That's exactly the kind of overstatement that Gibson says he's so upset about. There are "big realms that are warring and battling," he said. "You stick your head up and you get knocked. … I didn't realize [criticism] would be so vicious. The acts against this film started early. There is vehement anti-Christian sentiment out there and they don't want it."

Still, he says, "All the problems and the conflicts and stuff - this is some of the best marketing and publicity I have ever seen."

Of interest as well are Gibson's comments about why he left out that line from Matthew: "His blood be on us and on our children!"

"I wanted it in," Gibson told Boyer. "My brother said I was wimping out if I didn't include it. But, man, if I included that in there, they'd be coming after me at my house. They'd come to kill me."

Since that verse appears in Matthew, The Gospel of John, another new Jesus movie, won't have to deal with it. But as a word-for-word portrayal of the biblical text, the film still had to deal with some of the Jewish-Christian issues. A Canadian Press article explains a bit more how it works.
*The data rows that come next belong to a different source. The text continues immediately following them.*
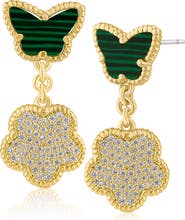 CZ by Kenneth Jay Lane Stone Butterfly & Pavé Cubic Zirconia Clover Drop Earrings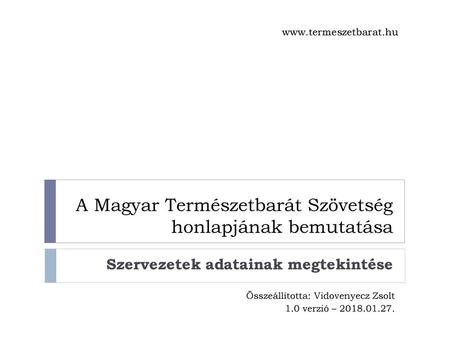 A Magyar Természetbarát Szövetség honlapjának bemutatása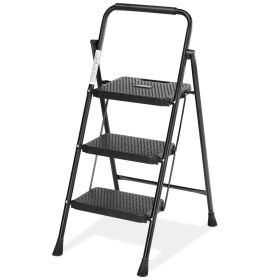 3 Step Ladder, Folding Step Stool with Anti-Slip Pedal, Lightweight Portable Ladder for Home, Workplace, 800lbs Capacity, Black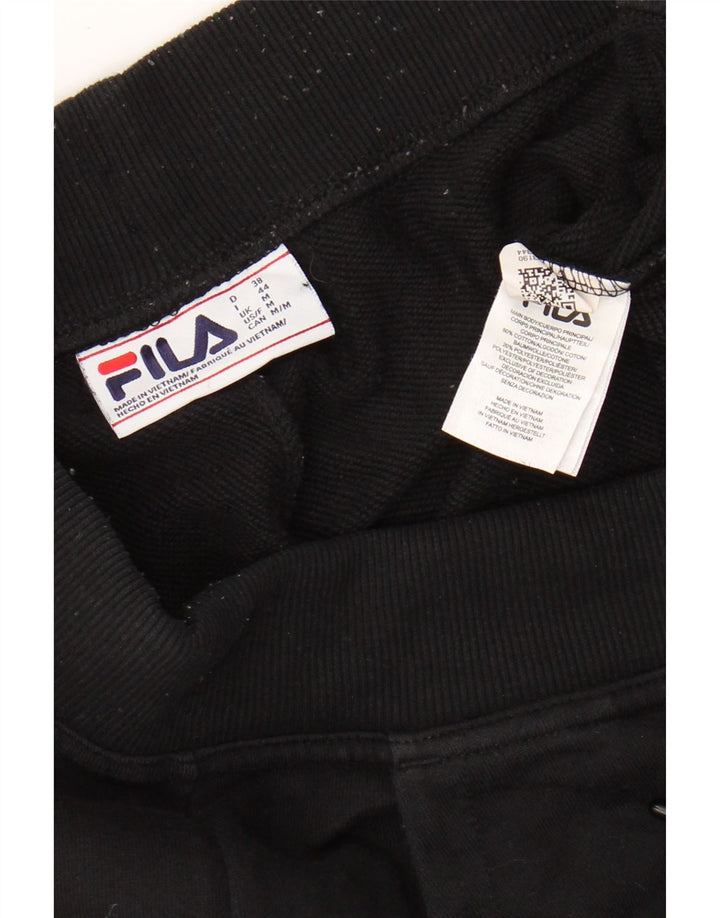 FILA Womens Tracksuit Trousers Joggers UK 14 Medium Black Cotton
First, it uses the American Bible Society's Good News translation, which refers to "Jewish authorities" rather than the more literal translation, "the Jews." Second, it kept the crowd yelling "Crucify him!" small and contained.

It also contains a disclaimer in the beginning of the film, noting that crucifixion was a Roman punishment not sanctioned by Jewish law, that Jesus and all his early followers were Jewish, and that the gospel was written "two generations after the Crucifixion," during a time of increasing conflict between early Christians and Jews, er, Jewish leaders.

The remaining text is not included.